WHAT IS EXPECTED:
Reproduce each line of the following material exactly, omitting the images.

SUPPLIED INFORMATION:
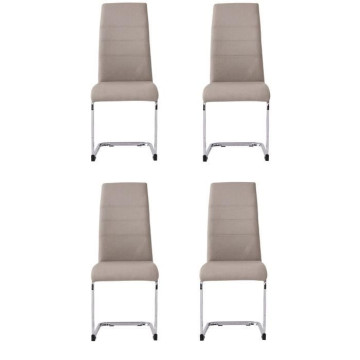 JANE Lot de 4 chaises -...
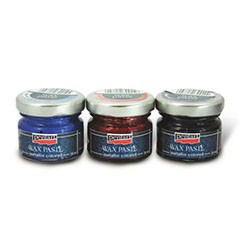 Metalická barevná vosková pasta 20 ml | různé barvy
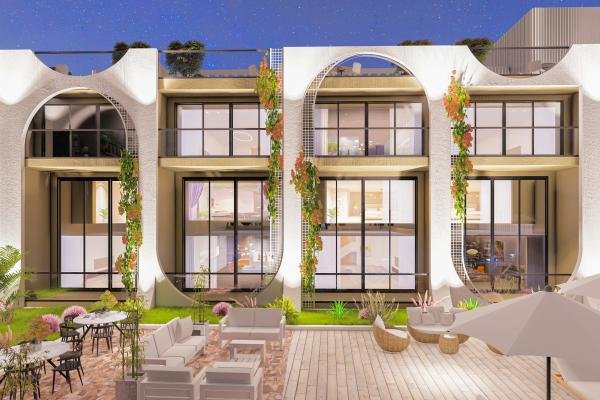 GİRNE BAHÇELİ BÖLGESİNDE PROJEDEN SATILIK LÜKS LOFT DAİRELER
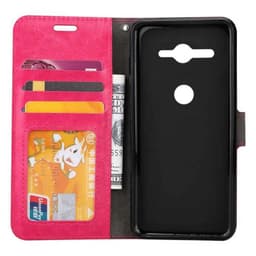 Mobilplånbok 3-kort Sony Xperia XZ2 Compact (H8324)  - Rosa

FINISHED TASK:
 JANE Lot de 4 chaises -...
 Metalická barevná vosková pasta 20 ml | různé barvy
 GİRNE BAHÇELİ BÖLGESİNDE PROJEDEN SATILIK LÜKS LOFT DAİRELER
 Mobilplånbok 3-kort Sony Xperia XZ2 Compact (H8324)  - Rosa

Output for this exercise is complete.